Clarence Mark Purfeerst (June 30, 1928 - September 25, 2017) was an American farmer and politician.

Purfeerst served in the Minnesota Senate. A Democrat, he was first elected in 1970, and was re-elected in 1972, 1976, 1980, 1982 and 1986. The Legislature was officially non-partisan until the 1976 elections, and he was a member of the Liberal Caucus during his first two terms.

From the city of Faribault, Purfeerst's district included all or portions of Dakota, Le Sueur, Rice, Scott and Waseca counties, changing somewhat through redistricting in 1972 and 1982. He was a farm owner and a beef and hog feeding operation owner and operator by profession, and also served on the Faribault School Board prior to running for the Senate.
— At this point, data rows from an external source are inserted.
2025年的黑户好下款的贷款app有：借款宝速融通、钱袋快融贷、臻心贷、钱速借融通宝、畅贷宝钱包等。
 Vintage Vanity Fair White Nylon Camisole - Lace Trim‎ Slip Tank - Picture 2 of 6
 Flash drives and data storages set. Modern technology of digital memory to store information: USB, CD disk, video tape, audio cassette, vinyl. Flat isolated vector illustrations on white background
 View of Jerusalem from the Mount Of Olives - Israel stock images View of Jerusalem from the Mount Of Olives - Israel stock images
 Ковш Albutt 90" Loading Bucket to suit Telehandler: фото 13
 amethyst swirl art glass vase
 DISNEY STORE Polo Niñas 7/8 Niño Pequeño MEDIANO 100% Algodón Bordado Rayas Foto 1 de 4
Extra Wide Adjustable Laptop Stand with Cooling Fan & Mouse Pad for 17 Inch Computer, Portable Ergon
Purfeerst's legislative concerns in office included transportation, agriculture, finance, and natural resources. He was a member of the Senate's Commerce, Employment, Finance, Health, Welfare and Corrections, Natural Resources and Agriculture, Public Utilities and State Regulated Industries, Rules and Administration, Transportation and General Legislation committees, and of various subcommittees relevant to each.

Purfeerst served as chair of the Transportation Committee for 18 years (1973–1991). Known for his malapropisms, he once said as a matter was postponed in his committee, "We'll just let our predecessors figure it out." He was also chair of the Transportation and General Legislation Subcommittee on Highways from 1973 to 1977, the Transportation Subcommittee on Transportation Policy from 1979 to 1981, the Transportation Subcommittee on Highway Safety from 1981 to 1983, the Finance Subcommittee on Joint Claims from 1973 to 1975, and the Finance Subcommittee on State Departments III and Semi-State Affairs from 1975 to 1977. He was Majority Leader Pro Tem from 1987 to 1991.

After retiring, Purfeerst moved to and lived in Saint Paul, Minnesota. He owned and operated farmland in Rice County, and in Rock County in the southwestern part of the state. Purfeerst died on September 25, 2017, at his home in Saint Paul, Minnesota.